Its the Jiva (I) itself which is saying "You are That which sees the notion of 'I' arising and subsiding."

Again when you (I) reason that "Everything is consciousness, consciousness knows itself, consciousness plays itself. Is there Jiva and is there consciousness? Or is there ONLY consciousness and wrong knowledge which says that 'I' (consciousness) is this form (body) (which is true but wrong in a sense that it can't be defined only by form)." is just what the Jiva.

Here again, the Jiva (I) itself is posing as the consciousness.

Its only Jiva that is ignorent and it is Jiva again that also has knowledge of Consciousness. This is Avidya

Consciousness cannot know itself. But what is happening is that under the umbrella of Self defined Self Realised knowledge of consciousness, Jiva (I) continues to go about.

This (I) has to go.

In terms of Bhakti yoga, there is no "Sharanagati" yet here in this knowledge. It is only still partial surender.
And in terms of Jnana yoga the Self is still not reached the last stage of what (I) consider Mahavakya of Sri Ramana Maharshi:

"First the Self sees itself as objects, then
the Self sees itself as void, and finally
the Self sees itself as Self. Only in the last stage, there is no seeing, for seeing is being here."

Salutations to Sri Ramana

4754
Dear I,

But the kind of effort needed here is slightly different from conventional Sadhanas. Here a Sadhaka has to put effort or perform Sadhana to attain (actually there is no attaining) the (state) of Non Sadhana or absolute effortlessness. Sadhana to Non Sadhana which is the natural Self.

Biggest irony is that one has to put a lot of effort "to think" and actually no effort "to not think" at all. Therefore a Sadhana, what ever it may be, has to lead one to effortlessness. This is the "Mauna" of Dakshinamurthy or "Chumma Iru" or "Be Still" of Sri Ramana Maharshi.

It may appear logically since the effortlessness implies no Sadhana, but one should not get caught in logical Tarka. One has to surrender completely to a Guru.

Salutations to Sri Ramana

4755
Dear I,

:)
Let me tell you why 'I' has to die. Die - meaning literally not dying, we are on the same platform as far as dying is concerned.

The one that is holding this knowledge that 'I' is jada is the same Jiva who is also holding the knowledge that it itself is Self. Its the same Jiva that is saying "I am Consciousness" "I am Self" and that I cannot affect me. Who is having this knowledge.

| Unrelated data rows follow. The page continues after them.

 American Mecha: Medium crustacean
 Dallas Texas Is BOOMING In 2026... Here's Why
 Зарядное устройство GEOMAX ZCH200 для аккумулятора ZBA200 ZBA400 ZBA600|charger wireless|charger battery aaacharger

To quote from Advaita Bodha Deepika:

"Suppose a poor begger who was ignorant of the fact that a king residing in a for was the emperor of the world, later knew it. How does this newly acquired knowledge improve his position?"

When you say, let 'I' continue... self/consciousness is never bound. who is it that is saying this? who is it that has this knowledge? is it the 'I' or the Self/Consciousness?

How can the knowledge that the consciousness is not bound, and by this quote, you 'I' understand that you are the consciousness, and that what ever 'I' does, it cannot affect you be enough? who is this I that is saying this is this not the 'I' Jiva?

If you say that it is the knowledge of the witness that is saying all the above? Does the unchanging witness saying all these?

Why 'I' say that 'I' has to die(not really die) is that the very point or knowledge mentioned by 'I' follows that it is the individual soul, Jiva, the 'I' or false 'I' that is having this knowledge.

Infact, it is the false 'I' itself that is telling here that nothing can affect the Self or consciousness.

Therefore it is only the Jiva  'I' that is having the knowledge or ignorance. It is Jiva itself that says that it is consciousness and that the 'I' cannot affect the self.